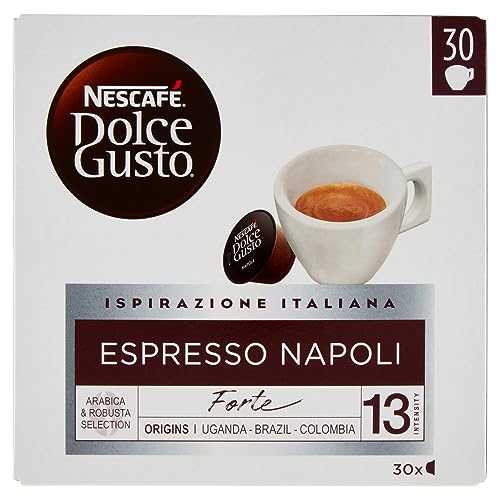 Nescafé Dolce Gusto Espresso Napoli Caffè Espresso, 30 Capsule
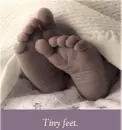 tinny feet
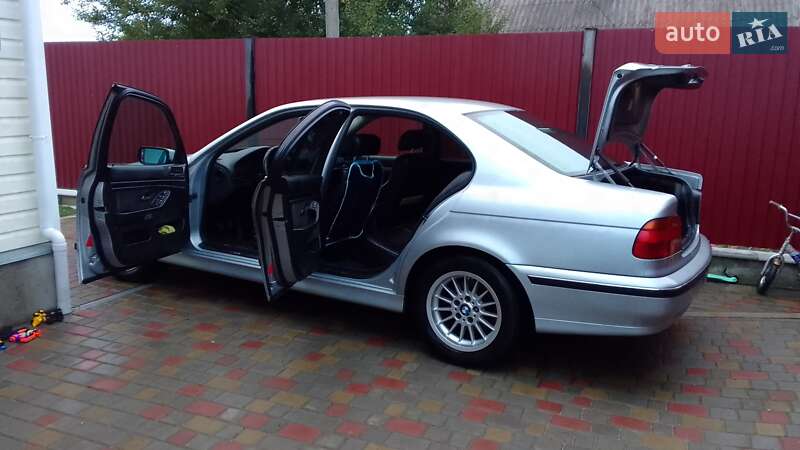 Седан BMW 5 Series 1998 в Баранівці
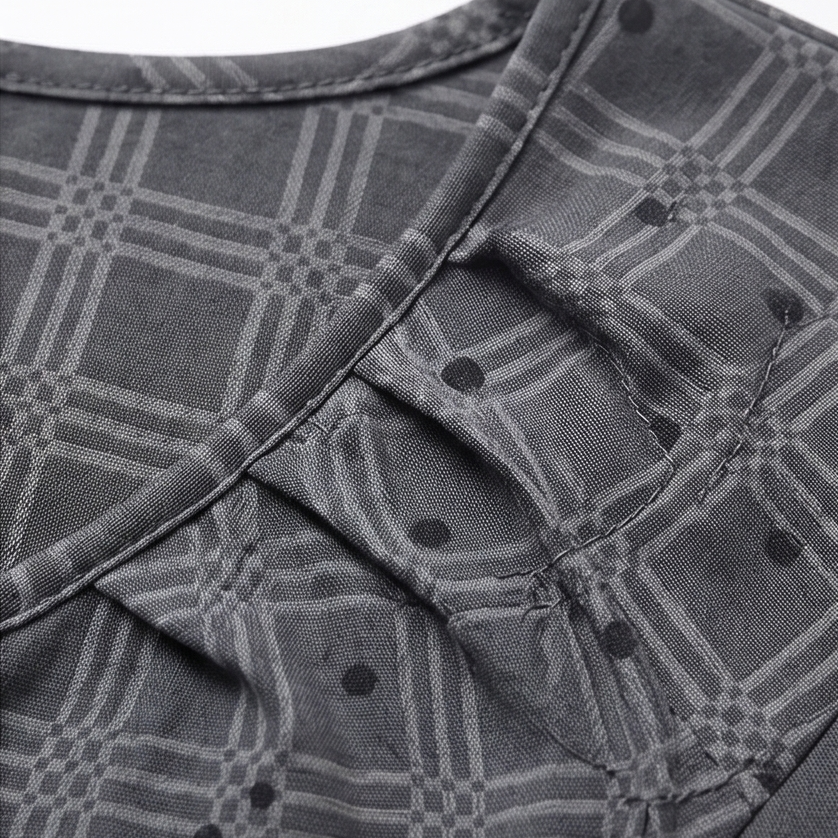 Zippella™ – Zip-Front Midi Dress for Effortless Everyday Comfort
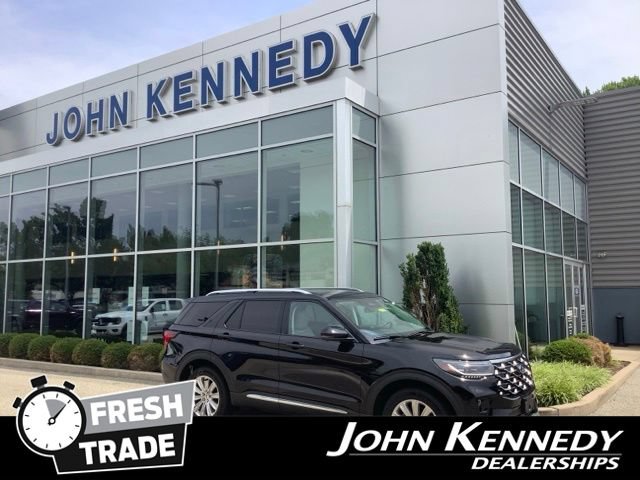 Certified 2025 Ford Explorer Platinum w/ LUX Leather Package AWD/4WD image 37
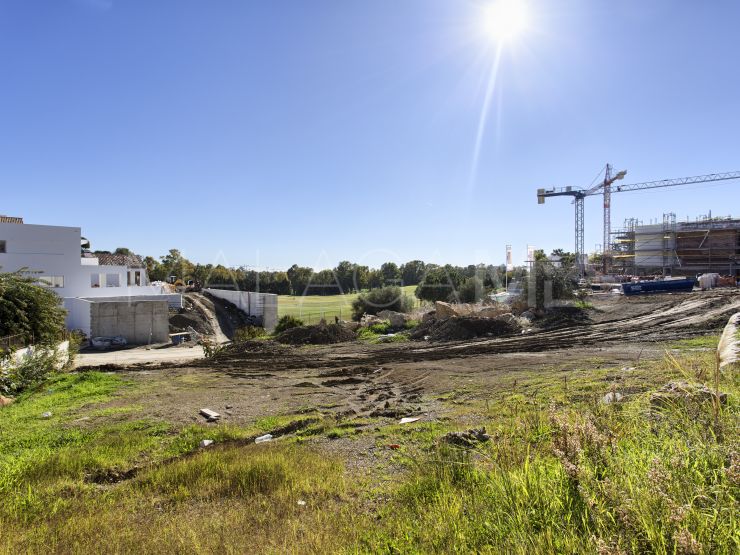 Plot for sale in Capanes Sur, Benahavis | Cleox Inversiones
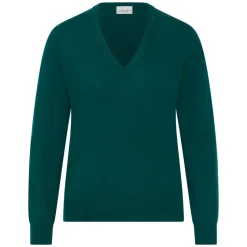 Schurwoll-Pullover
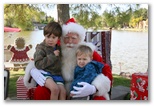 Santa at Christmas Island 2013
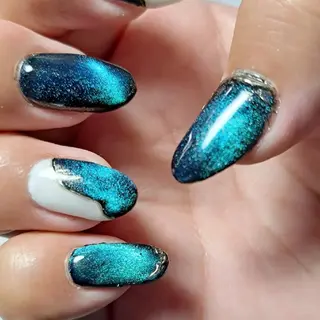 ネイル 島屋 千奈美のネイルデザイン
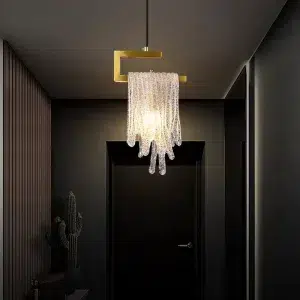 TOMAX 21CM/8INCH Modern and stylish bedroom dining room living room chandelier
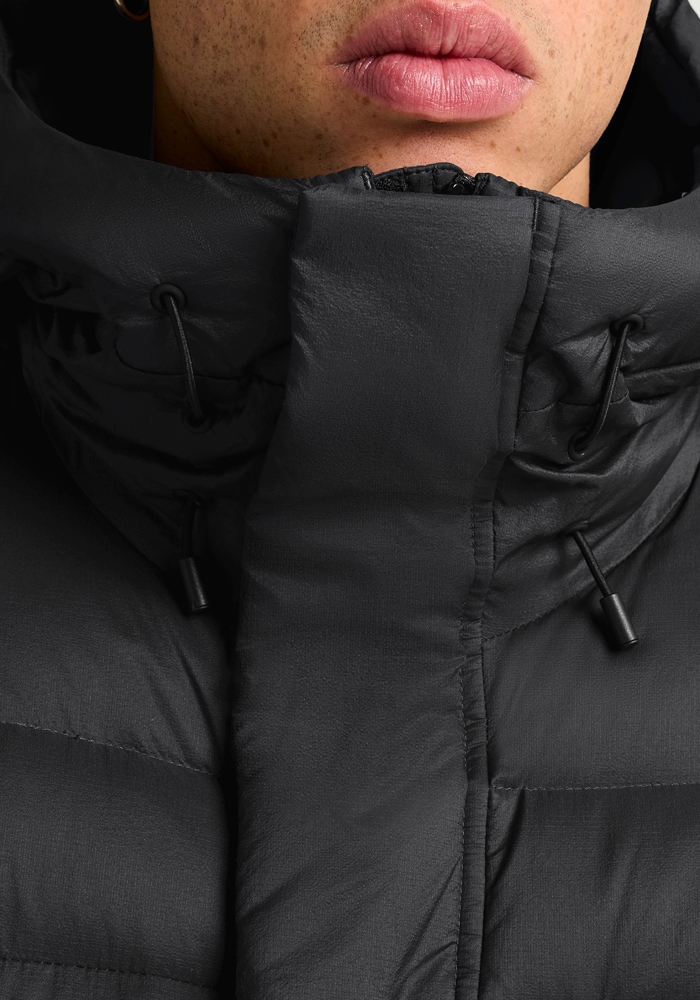 Jack Wolfskin Daunenjacke »ICY HILL JKT M RDS«, mit Kapuze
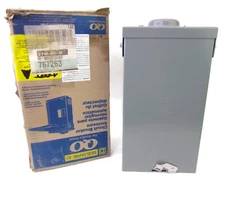 Square D Series E02 Rainproof Type 3R Circuit Breaker Enclosure ONLY NOB
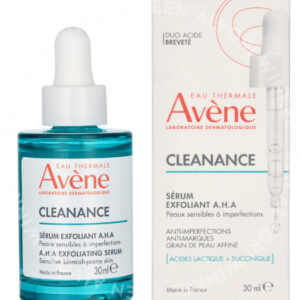 Avene A.H.A. Exfoliating Serum 30ml Sensitive Blemish-Prone Skin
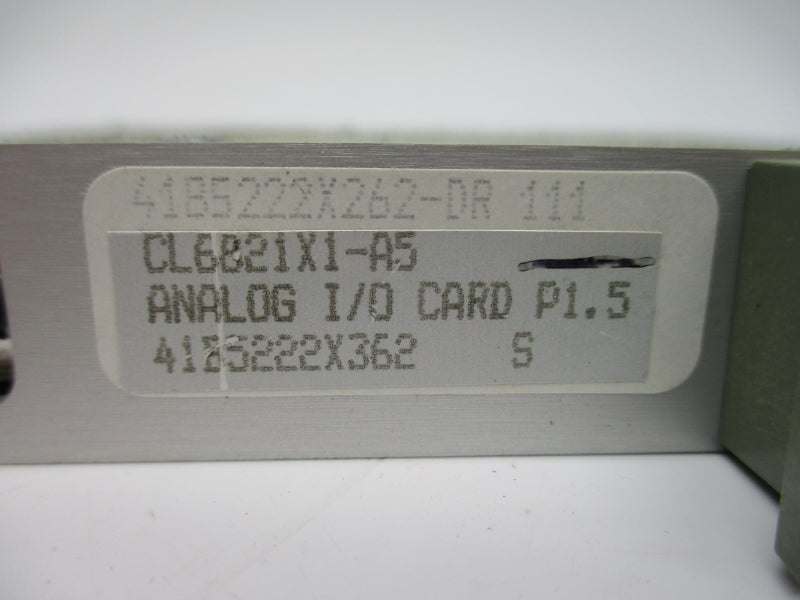 EMERSON CL6821X1-A5 41B5222X262 NSNP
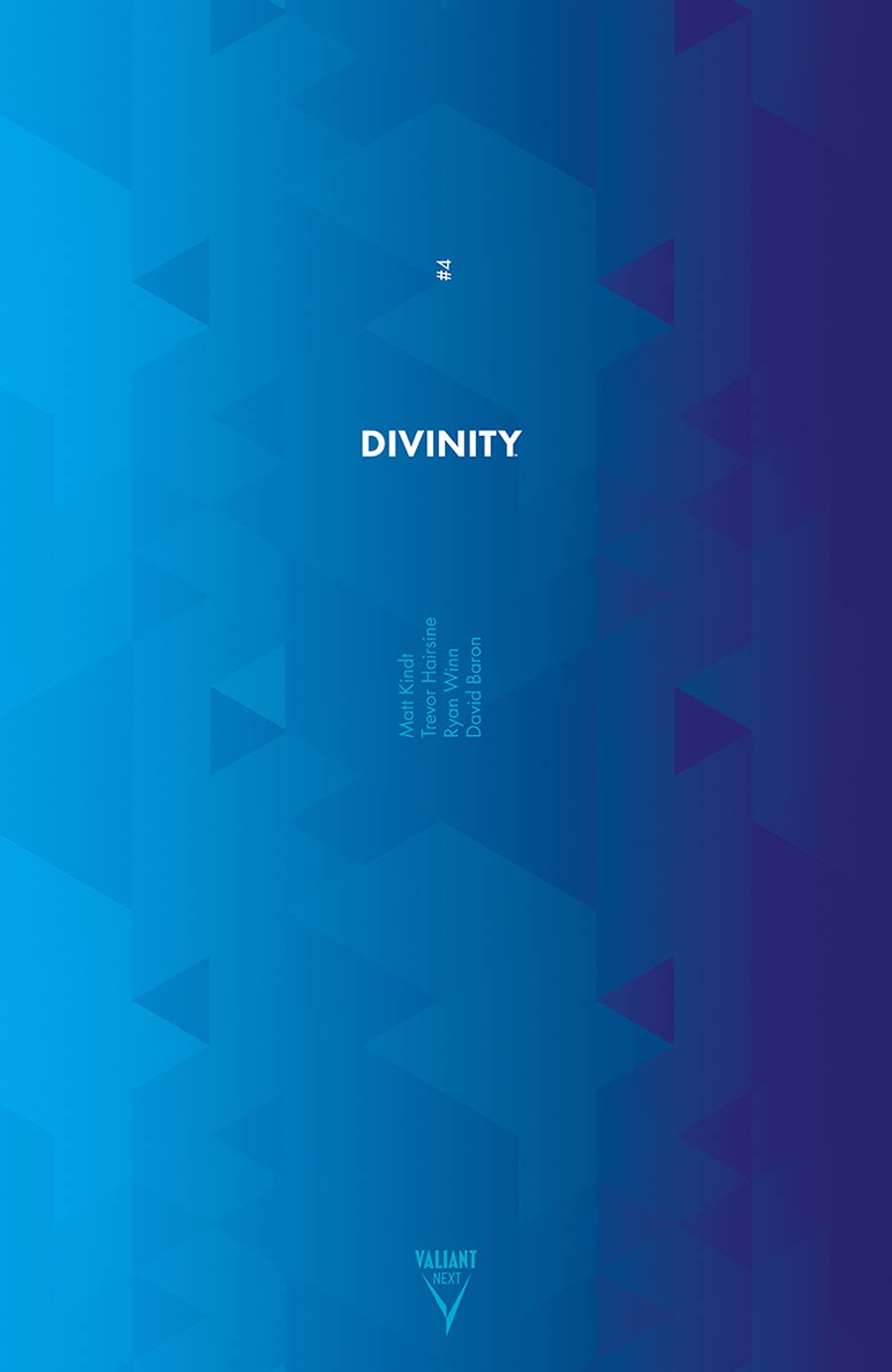 Divinity #4 Cover B Variant Tom Muller Cover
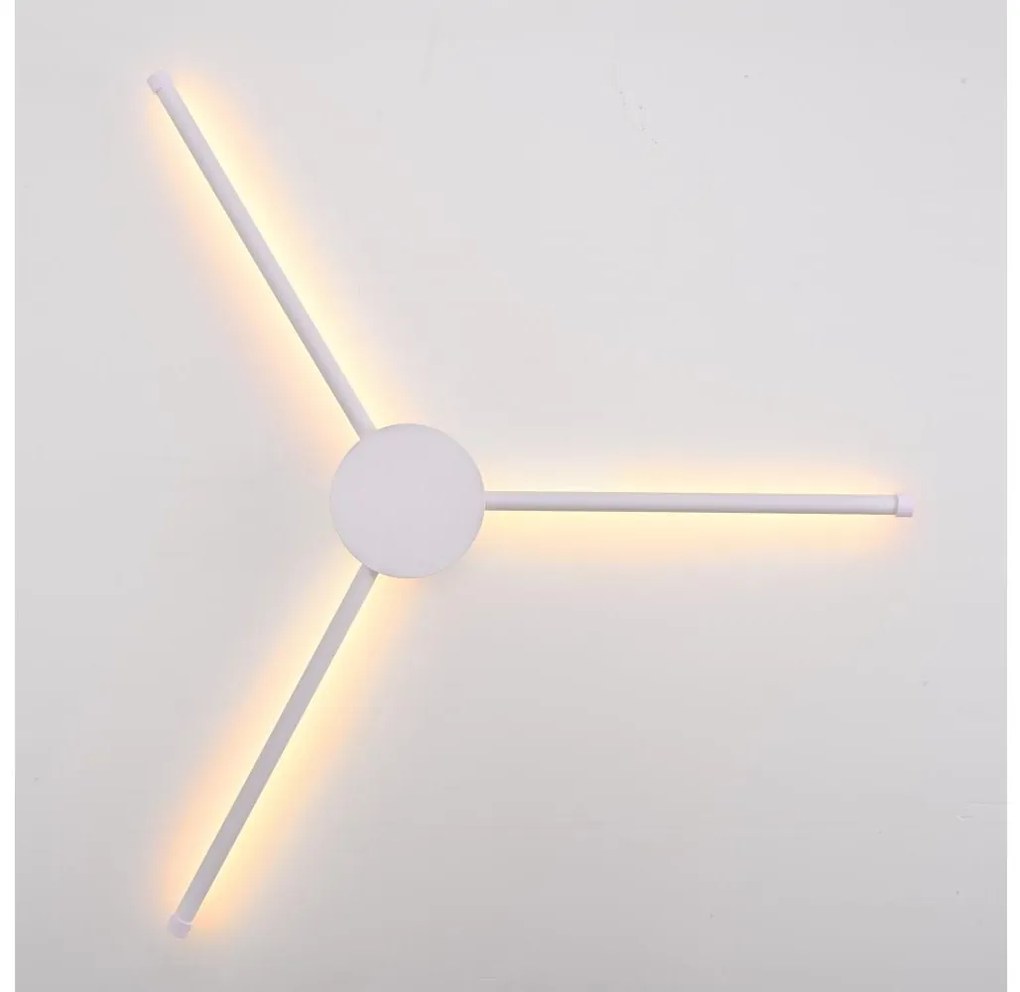Brilagi - LED Аплик LUGO TRE LED/14W/230V бял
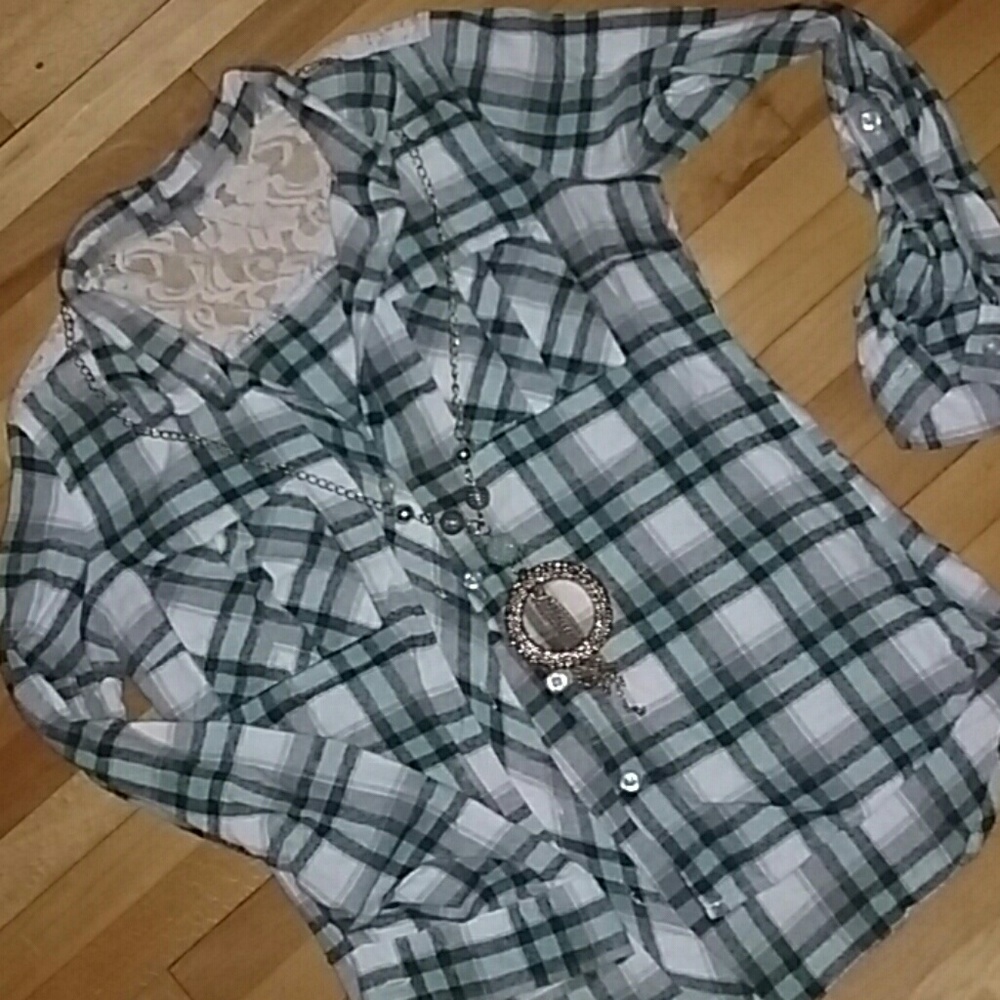 Flannel top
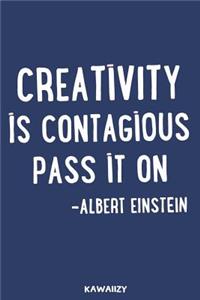 Creativity Is Contagious Pass It on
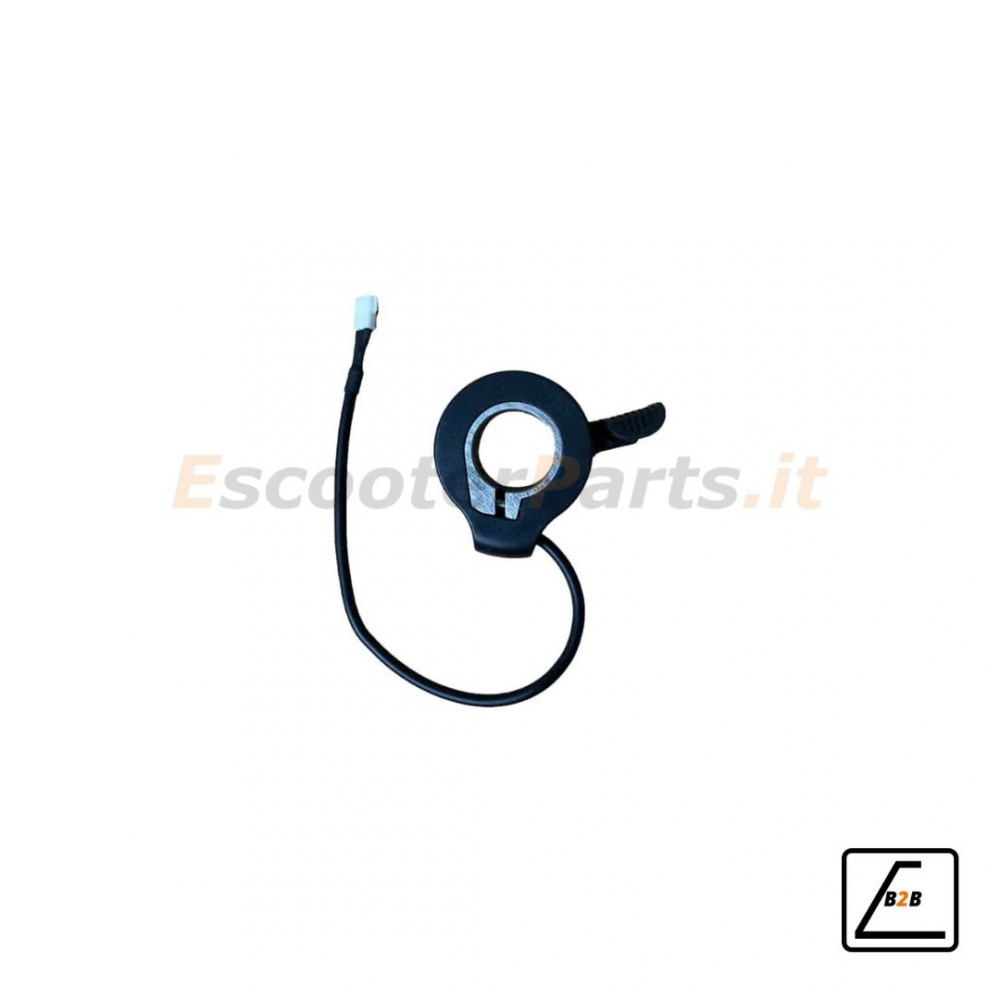 Acceleratore Universale per Monopattini Elettrici a Foro Aperto 22mm - Nero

* Required action: When you reach the line with "ネイル 島屋 千奈美のネイルデザイン" in the entries above, start copying, and go on word for word to the last line; skip any picture.

* Solution to this task:
 ネイル 島屋 千奈美のネイルデザイン
 TOMAX 21CM/8INCH Modern and stylish bedroom dining room living room chandelier
 Jack Wolfskin Daunenjacke »ICY HILL JKT M RDS«, mit Kapuze
 Square D Series E02 Rainproof Type 3R Circuit Breaker Enclosure ONLY NOB
 Avene A.H.A. Exfoliating Serum 30ml Sensitive Blemish-Prone Skin
 EMERSON CL6821X1-A5 41B5222X262 NSNP
 Divinity #4 Cover B Variant Tom Muller Cover
Brilagi - LED Аплик LUGO TRE LED/14W/230V бял
 Flannel top
 Creativity Is Contagious Pass It on
 Acceleratore Universale per Monopattini Elettrici a Foro Aperto 22mm - Nero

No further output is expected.